When you think of things that fit into this category, you likely think of drones. But these weapons are much more capable than drones, but not quite as capable as a LRASM or similarly expensive weapon. 

Weapons like the Tomahawk and LRASM are extremely good at what they do, but are expensive, have long lead times, and expensive. Anduril in particular has focuses on making highly capable, but short of exquisite, weapons that are relatively cheap, easy to manufacture at scale, and deployable in swarms that can defeat enemy defenses. 

Cheap is good, quantity and scalability is even better. 

So far, as far as I know, there is no equivalent missile defense platform on the horizon, but any and all of these weapons could address several of the most significant issues that have worried people about our war in Iran. Magazine depth is the most persistent of those issues, closely followed by inadequate drone defenses. 

If the conflict in the Gulf erupts again, I would be willing to bet that the Pentagon will be able to count on some of these weapons being in its arsenal. At least I hope so, because increasing the mass of strikes above the already impressive levels shown in Epic Fury would be great, and adding depth and layers to our drone defenses could be a game-changer. 
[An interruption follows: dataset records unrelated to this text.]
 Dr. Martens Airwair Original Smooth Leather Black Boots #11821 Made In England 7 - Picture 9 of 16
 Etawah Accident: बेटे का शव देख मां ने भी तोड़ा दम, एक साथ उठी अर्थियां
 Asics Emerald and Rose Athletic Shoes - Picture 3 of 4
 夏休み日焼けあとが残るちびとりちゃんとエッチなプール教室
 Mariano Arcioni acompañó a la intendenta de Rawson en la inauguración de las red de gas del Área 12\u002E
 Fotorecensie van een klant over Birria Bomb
No doubt planners are working hard to come up with new solutions to the missile city problem to slow the rate of fire to something more manageable as well. These guys work well under pressure. 

There is a decent if incalculable change that things get kinetic again in the Gulf, and adding capabilities that can be rapidly deployed at scale will benefit the United States in any future war as well. 

With all the debate about the strategic ambiguity in our conflict in Iran, it’s important to remember that Operation Epic Fury has been an amazing tactical success. And with the lessons learned, the United States will be even more prepared for the next conflict.